Seven years ago, the Carolina Hurricanes faced the Tampa Bay Lightning in game 82 at PNC Arena knowing that a win would earn them a spot in the Stanley Cup Playoffs. They then proceeded to go out and lay an egg, spotting the Lightning four goals on their way to a 6-2 laugher that was as close as the Canes have come to the playoffs since 2009.

Despite not having the same stakes, it didn’t take long for Saturday’s game at PNC Arena to prove that it wouldn’t follow the same script. Jordan Staal scored 19 seconds into the game, Elias Lindholm finished the job with an overtime goal 49 seconds into the extra period, and the Canes closed out the 2017-18 season with a 3-2 overtime win over the Lightning.

Staal’s goal, on the game’s opening shift, was a fluke, a centering pass that deflected off the skate of Lightning defenseman Ondrej Palat and into the net past Louis Domingue for the co-captain’s 19th goal of the season. Justin Williams picked up an assist, extending his point streak to three straight games.

Williams then doubled the Canes’ lead with 2:24 to go in the first in controversial fashion. Off a rebound from no angle, Williams somehow found a sliver of the net with Domingue down on the ice and unable to position himself. The Lightning challenged for goalie interference, but the ruling was that Dan Girardi pushed Phil Di Giuseppe into Domingue and thus the goal counted.
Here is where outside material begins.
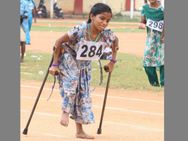 വൈകല്യങ്ങള്‍ നിങ്ങളുടെ കാഴ്ചയില്‍ മാത്രം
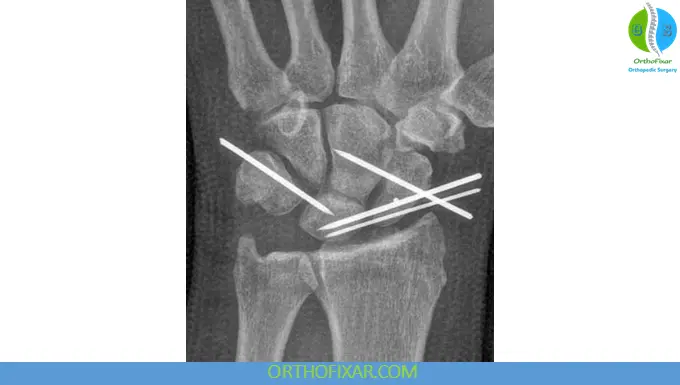 Scapholunate Dissociation orif with k-wires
At no point, though, did the Canes give the impression that they were going to run away with the game. Shots in the first were 14-12 for Carolina and the Lightning had ample opportunity to put Cam Ward to work. They finally got on the scoresheet 3:30 into the second period on Ryan Callahan’s shot from the far circle that deflected off Klas Dahlbeck and may have also grazed Valentin Zykov’s stick for a deflection that Ward had little chance to save.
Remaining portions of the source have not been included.